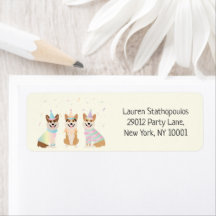 Parabéns Pembroke Welsh Corgi Dogs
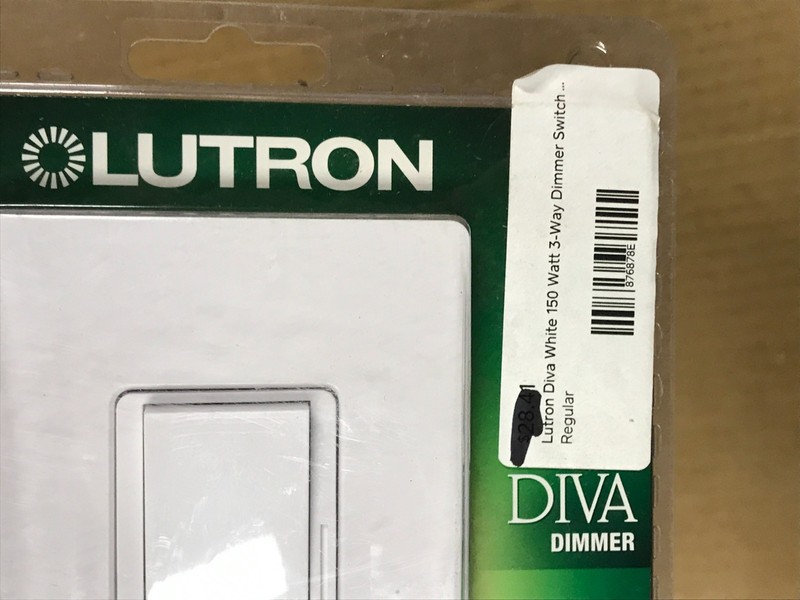 New Lutron Diva DVCL-153PH Dimmer Switch - Single Pole/3-Way 150-Watt gallery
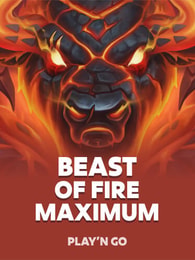 Beasts of Fire Maximum by Play'n Go on Roobet Slots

§ EXERCISE PROMPT
Your copy of the listing should match it exactly, apart from the pictures, which are left out.

§ RESPONSE TO THE EXERCISE
 Parabéns Pembroke Welsh Corgi Dogs
 New Lutron Diva DVCL-153PH Dimmer Switch - Single Pole/3-Way 150-Watt gallery
 Beasts of Fire Maximum by Play'n Go on Roobet Slots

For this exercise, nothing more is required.